Orie case goes to jury

March 22, 2012 2:01 pm

Share with others:

The criminal case against state Sen. Jane Orie has gone to the jury.

The jury deliberated for a little more than four hours this afternoon before retiring for the evening. Jurors will be sequestered until a verdict is reached.

During closing arguments this morning, Ms. Orie's defense attorney described the prosecution's strategy as "a shotgun approach."

"It's a form of strategy," William Costopoulos said. "A very low form used when a case is weak."

Ms. Orie, a 12-year Republican senator from McCandless, is on trial on 24 counts, including theft of services for using her legislative staff to campaign. Her other charges include ethics violations, conspiracy, obstruction of justice, perjury and forgery.

The two dozen charges, the defense contends, were layered on top of each other to ensure that the woman gets convicted of something.

He characterized the prosecution's evidence as "de minimis."

"In layman's terms, it means petty," he said. "And they had to try to make it not petty. Four freaking elections in nine years, where there's nothing but petitions, yard signs and stuffing envelopes."

Throughout his 90-minute closing, Mr. Costopoulos told the seven women and five men of the jury that his client was unaware of the political work being done in the senator's North Hills district office.

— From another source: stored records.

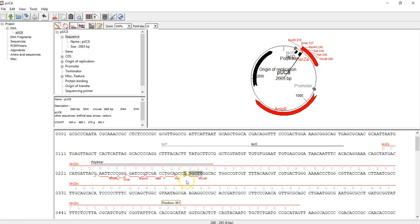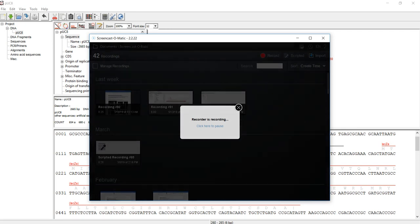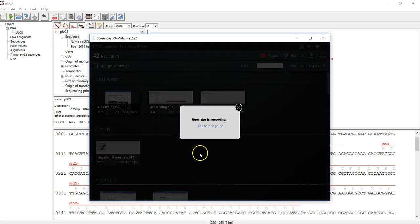This pointy arrow means the cutting site is here, which means the enzyme will cut one cut here and the second cutting site on the complementary strand at this position. That's all for today's demonstration.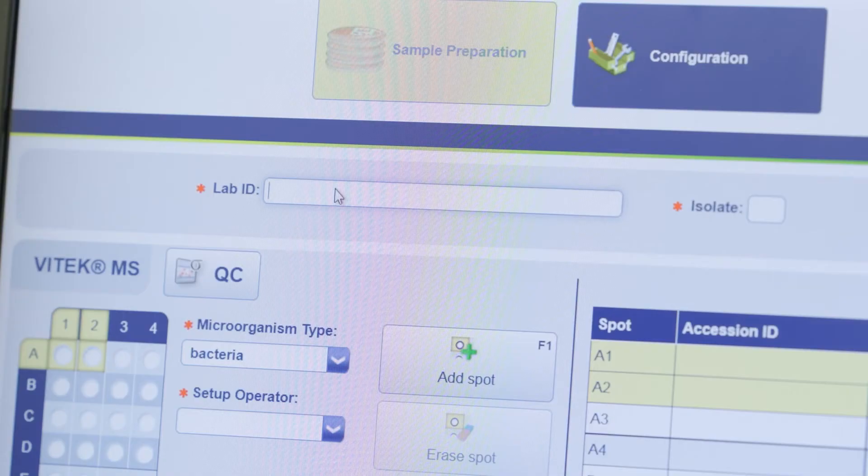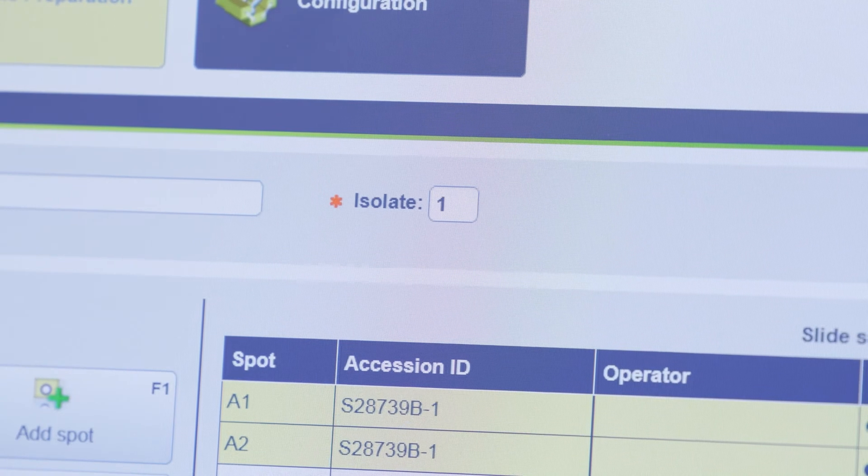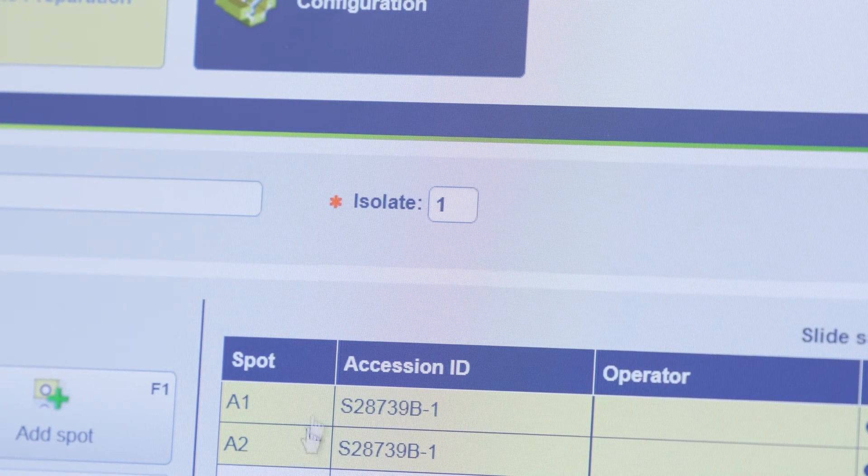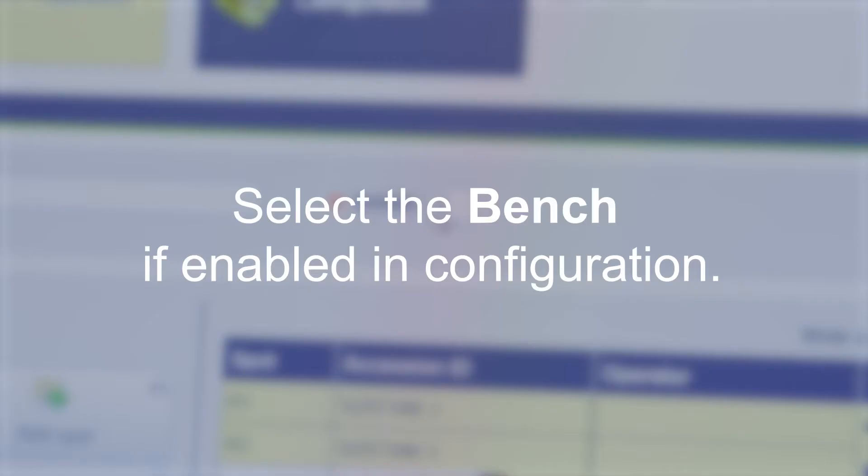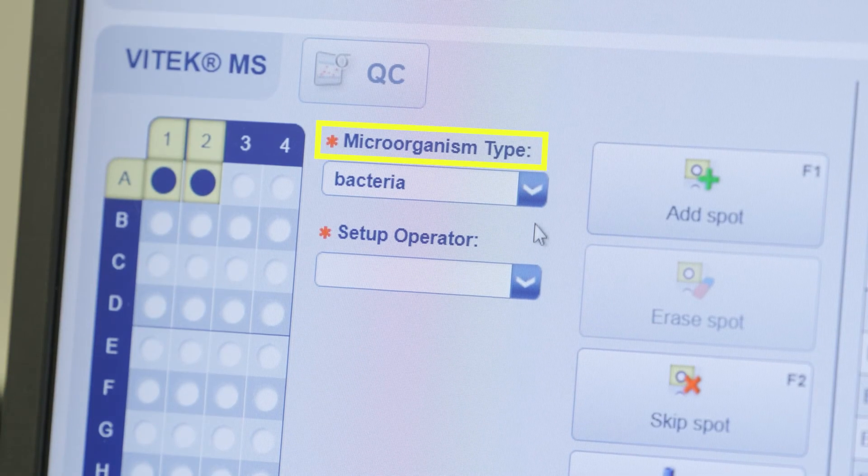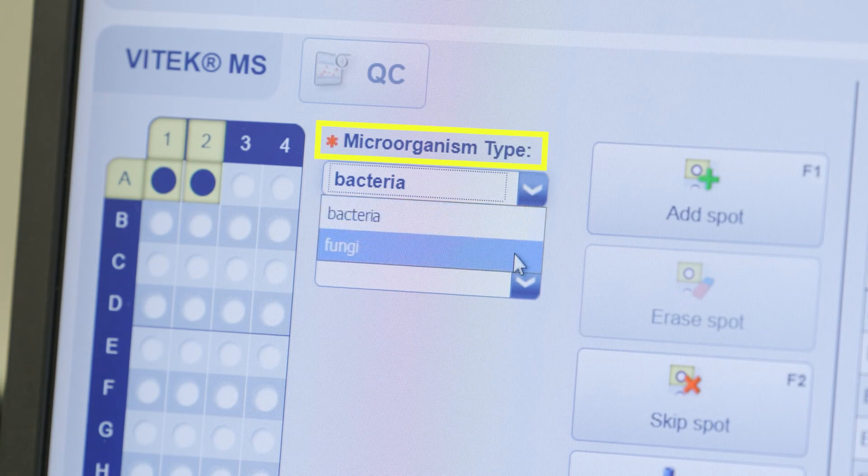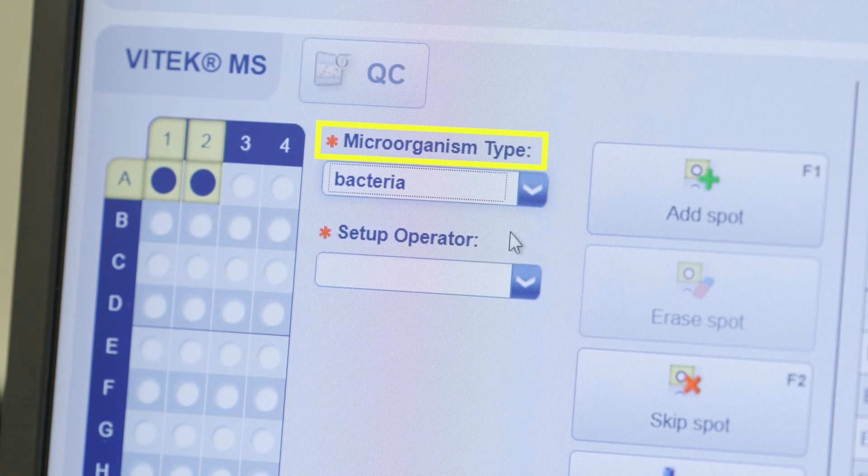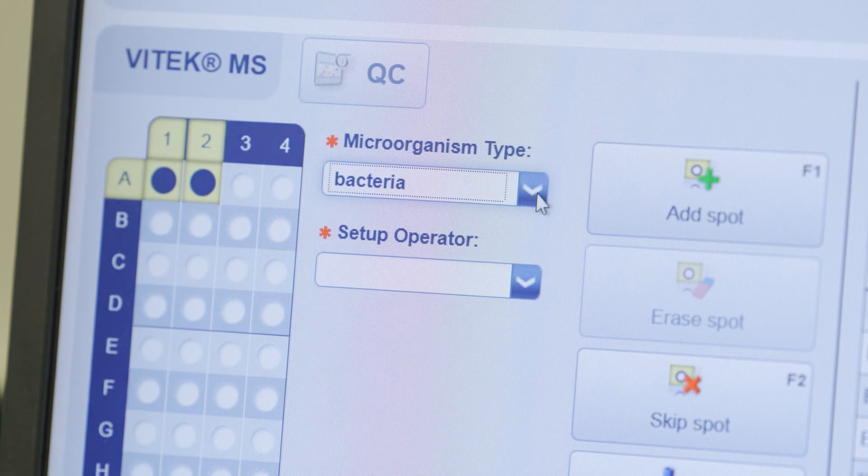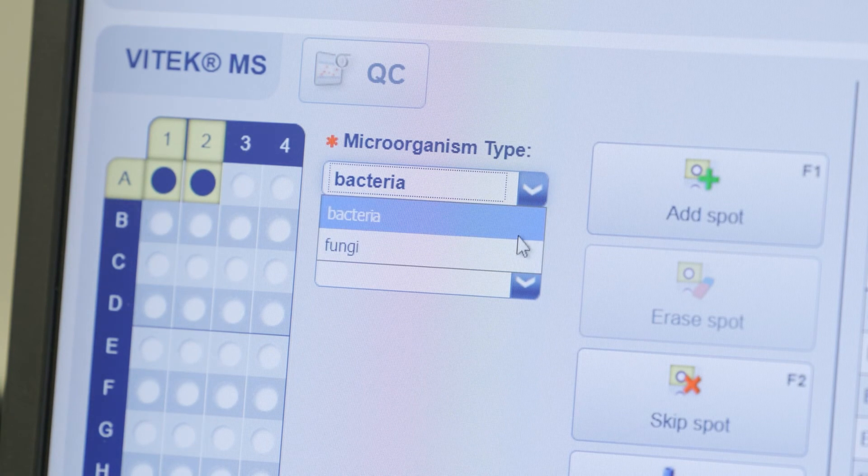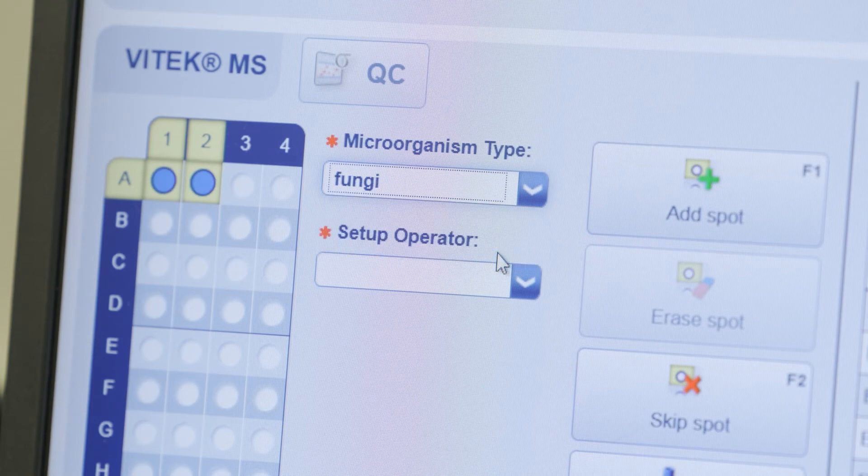Scan or type the lab ID into the lab ID field. The isolate number may be manually edited if necessary. Select the bench if enabled in configuration. Verify the correct option if selected for bacteria or fungi under microorganism type. Spots defined as bacteria are displayed in dark blue. Spots defined as fungi are displayed in light blue.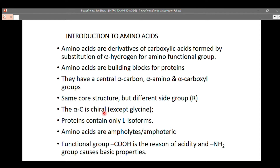The alpha carbon is chiral. Chirality refers to the arrangement of four different substituents on a central atom — here, the central atom is carbon with four different substituents attached. The exception is glycine, which possesses two hydrogen atoms as substituents; because two substituents are the same, glycine cannot possess chirality. Proteins contain only L-isoforms and do not have D-isoforms.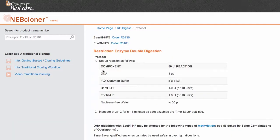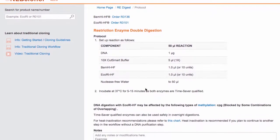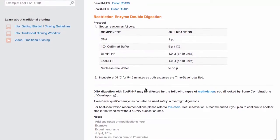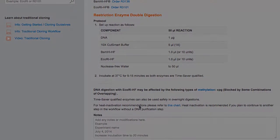Press Show Protocol. In the protocol, the tool chooses a common buffer because both enzymes have greater than 50% activity in a single buffer.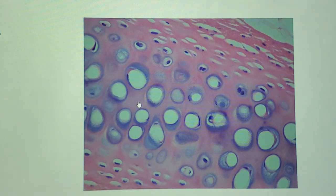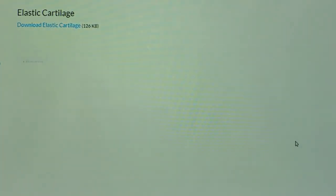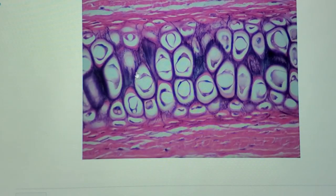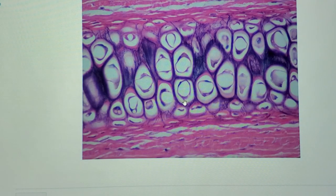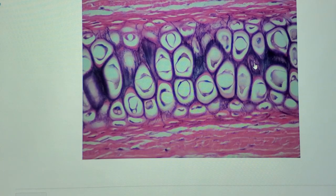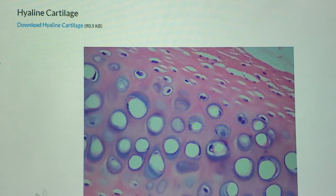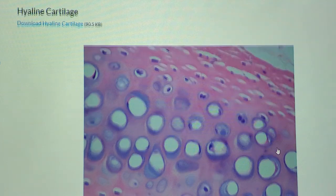Stare at hyaline cartilage for a second and notice how smooth it is — because when I switch to the next slide, you can look at the areas between the cells and see how fuzzy it looks with all those fibers. That fuzziness is your clue that you're looking at elastic cartilage — it's got a very fuzzy matrix filled with elastic fibers. You can also see the perichondrium on both sides. Same questions apply: identify the membrane (perichondrium), identify the cell (chondrocyte), identify the space surrounding the cell (lacuna). The matrix is fuzzy, so it must be elastic cartilage. Comparing the two slides makes the difference in smoothness very clear.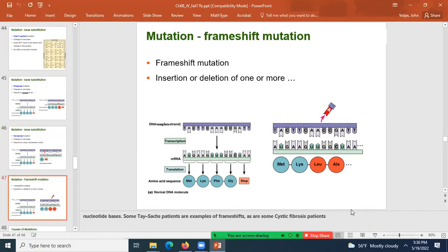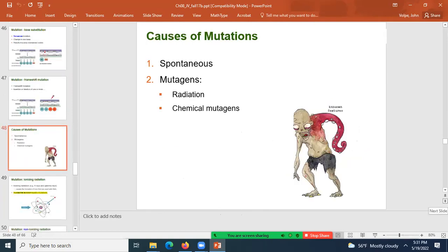A frameshift mutation occurs when one or more bases are inserted or deleted — not a multiple of three. In this example, a base is removed, so instead of reading UUU the ribosome reads UU and then grabs the next base, such as G, changing that codon and all subsequent codons. Some Tay-Sachs patients have frameshift mutations.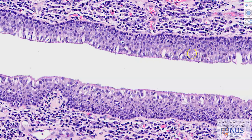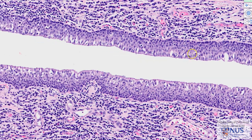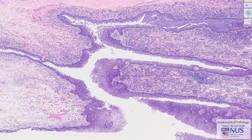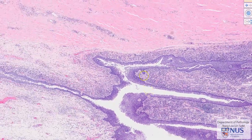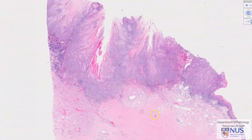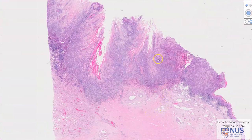Sometimes intraepithelial neoplasia, dysplasia, or carcinoma in situ can be seen in the penile urethra in cases of squamous cell carcinoma of the penis. Now let's take a closer look at the tumor itself. We can see that this is a mass that is relatively superficial.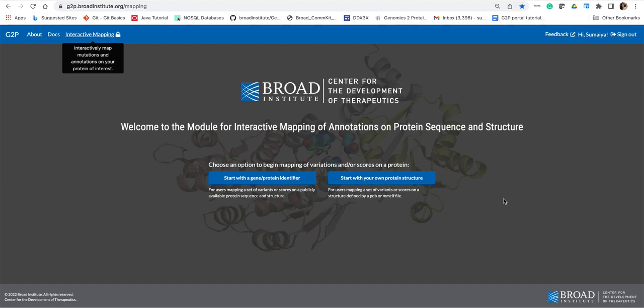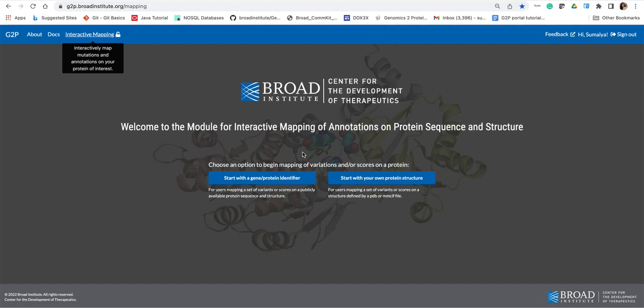For this tutorial we will use the 'start with your own protein structure' capability because we will analyze a non-human protein structure. Note that when users start with a gene or protein identifier capability, the portal now accepts only the human gene or protein identifier.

"When the cat's away, the mice will play," he repeated.

He placed the blame for any campaign work being done on Ms. Orie's former chief of staff, Jamie Pavlot, who received immunity from prosecution.

"Jamie Pavlot hired and fired staffers," Mr. Costopoulos said. "Jamie Pavlot hired the interns. Jamie Pavlot knew what was going on in the office day to day. Jane Orie's directives have been clear -- in writing and verbally -- for nine years. Jane Orie did everything she could to ensure compliance. But when the cat's away, the mice will play."

Mr. Costopoulos mocked Ms. Pavlot's testimony.

"According to Jamie Pavlot, she never got a single written directive from her boss in 10 years. Never. Not a single one."

But Assistant District Attorney Lawrence Claus, in his closing, dismissed the idea that Ms. Pavlot is at fault.

"Jamie Pavlot was not running for Senate office," he said. "Jamie Pavlot was not the senator who needed to be reelected in each of these years."

He told the jury that the charges against Ms. Orie are a classic example of "public corruption at its worst."

"This is not a shotgun approach," Mr. Claus said. "It's more like the senator, herself, was playing a game of Russian roulette."

Every time a staffer made a call, or stuffed an envelope, he continued, "she was loading that chamber with a bullet and spinning."

To believe Ms. Orie, the prosecutor told the jury, is to disbelieve 24 other witnesses.

"She does not have the right, at taxpayer expense, to have a staff of employees [doing campaign work] all on the public dole," he said. "These workers are supposed to be doing the people's business.

"How in the world can this senator come to you with a straight face and deny she was doing this fundraising activity? It's counterintuitive. It just cannot fly."

Mr. Claus conceded that Ms. Orie is a good senator and continues to be.

"That does not excuse blatant criminality," he said.

Mr. Claus told the jury that not only did Ms. Orie abuse the system by using her staff to campaign, but that she also tried to cover it up, adding hand-written directives to her staff -- telling them to do campaign work after-hours or at home -- on staff emails.

"Were these messages more self-serving?" Mr. Claus asked. "Done in anticipation of using them at at trial and covering up the activity she was involved in? It all sounds good, but I submit you're going to find it's fabricated."

After closings concluded, Mr. Costopoulos said had been a long, hard trial.

"It is a very stressful hour for the defendant," he said. "We are hopeful. We are praying for the right verdict, but now we just have to wait it out."